Britt did recently write a hopefully-sincere apology on his Facebook page. I guess these days that's about standard for a "public apology". It may have been better to do it elsewhere, and while it was good of him to mention The Trevor Project perhaps making a donation himself might have had a bit more of an effect. Of course it wouldn't have needed to be huge since most people on television aren't paid as well as some might like to believe. Consider it the celebrity version of the swear jar, opening your walled any time you open your mouth and something inappropriate falls out.

Many people have been asking why this is such a big deal. Well, first just a glance at news in the past month will show you how many recent teen suicides have involved gay kids. We're in the midst of continuing arguments over repealing "Don't Ask, Don't Tell" and whether to allow same-sex marriage. Atlanta police have recently been accused of destroying evidence in the brutal raid on a gay bar last year. Obviously hatred and intolerance are still alive and well across the country. Our awareness of it is more heightened.

Most of us have been guilty of saying (or at the very least thinking) mean things about someone, something, or a group of people. Even I've poked a bit of fun at some absurdities and people but I try not to go for blood. No one is perfect. We all can be unintentionally silly, absurd, or worse at times. But being deliberate and direct with your hate doesn't do anything other than make you seem like a bully. And in a time where kids are killing themselves over bullying in school we don't need adults acting like that as well.

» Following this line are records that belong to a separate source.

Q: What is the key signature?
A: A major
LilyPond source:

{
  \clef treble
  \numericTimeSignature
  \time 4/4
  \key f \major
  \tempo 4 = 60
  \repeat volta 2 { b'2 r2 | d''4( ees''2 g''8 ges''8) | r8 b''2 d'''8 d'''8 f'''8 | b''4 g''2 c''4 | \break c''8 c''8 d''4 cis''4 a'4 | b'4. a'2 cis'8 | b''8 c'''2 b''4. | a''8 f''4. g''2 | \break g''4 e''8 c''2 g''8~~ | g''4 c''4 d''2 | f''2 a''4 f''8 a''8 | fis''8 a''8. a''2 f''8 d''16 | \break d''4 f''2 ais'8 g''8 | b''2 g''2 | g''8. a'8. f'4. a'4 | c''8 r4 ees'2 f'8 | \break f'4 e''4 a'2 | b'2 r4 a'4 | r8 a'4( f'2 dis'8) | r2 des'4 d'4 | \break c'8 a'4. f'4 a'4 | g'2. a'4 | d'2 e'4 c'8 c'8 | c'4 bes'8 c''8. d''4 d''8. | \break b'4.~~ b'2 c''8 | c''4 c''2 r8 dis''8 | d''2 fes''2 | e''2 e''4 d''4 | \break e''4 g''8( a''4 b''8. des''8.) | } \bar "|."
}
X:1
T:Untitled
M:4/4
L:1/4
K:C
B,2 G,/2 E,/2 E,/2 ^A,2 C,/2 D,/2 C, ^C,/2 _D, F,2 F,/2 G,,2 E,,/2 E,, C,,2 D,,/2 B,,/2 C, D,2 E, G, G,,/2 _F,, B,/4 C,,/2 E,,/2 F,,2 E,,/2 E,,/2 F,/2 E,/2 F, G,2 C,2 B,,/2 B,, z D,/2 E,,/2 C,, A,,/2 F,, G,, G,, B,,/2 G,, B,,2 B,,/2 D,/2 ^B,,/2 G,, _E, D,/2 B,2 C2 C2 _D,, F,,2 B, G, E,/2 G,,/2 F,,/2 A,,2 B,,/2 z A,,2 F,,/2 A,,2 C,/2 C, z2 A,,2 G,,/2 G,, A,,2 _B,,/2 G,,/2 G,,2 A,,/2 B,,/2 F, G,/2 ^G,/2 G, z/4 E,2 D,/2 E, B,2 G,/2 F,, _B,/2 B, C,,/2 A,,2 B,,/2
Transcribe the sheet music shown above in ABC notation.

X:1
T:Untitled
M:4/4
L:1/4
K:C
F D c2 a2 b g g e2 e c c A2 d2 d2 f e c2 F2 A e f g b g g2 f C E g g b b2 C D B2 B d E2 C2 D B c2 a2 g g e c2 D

If we want our world to change for the better it will only happen through positive action. In that respect, perhaps SciFi shouldn't have bumped someone for using a derogatory word. While he shouldn't have been rewarded for the slip-up, what about making some amends and adding an openly-gay cast member? We're out there everywhere. Anyone who doesn't think LGBT people are in the paranormal community must not network very much. Something like that would have had a better impact than a quick "you're fired" phone call. It's only my opinion, though. I can't speak for executives and what they think is best for their audience and company.

We do have a very long way to go. And I don't just mean trying to make the world a more tolerant place. The same applies to advances in the paranormal realm. When do we decide that working together for the betterment of everyone supersedes "my ghost group can beat up your ghost group" mentality? How can you say you're trying to help people if you promote hate in another breath? When will investigators pool together data and discoveries to help everyone understand the unexplainable? Perhaps when it all stops being a game and starts being a joint effort to get to the bottom of our strange world.


Stacey said...

great post

Cullan Hudson said...

There could be a bit more diversity among these teams. One get the impression that the producers are a bit hands-off when it comes to selecting the people who staff these groups, prefering for whatever reason to select established groups. If I were producing one of these shows, I would seek out individuals from various different arenas within the paranormal community, and if possible (because I don't believe in tokenism), try to reflect the diversity of the field as well with individuals of different ethnicities, races, gender, and orientation. I mean, you pretty much NEVER see an asian guy or a black woman or a middle easterner on these shows. I don't know if this reflects that mostly those of European descent are interested or what. I know there are Native American groups. I've seen Latinos. They must be out there; they just don't get the recognition.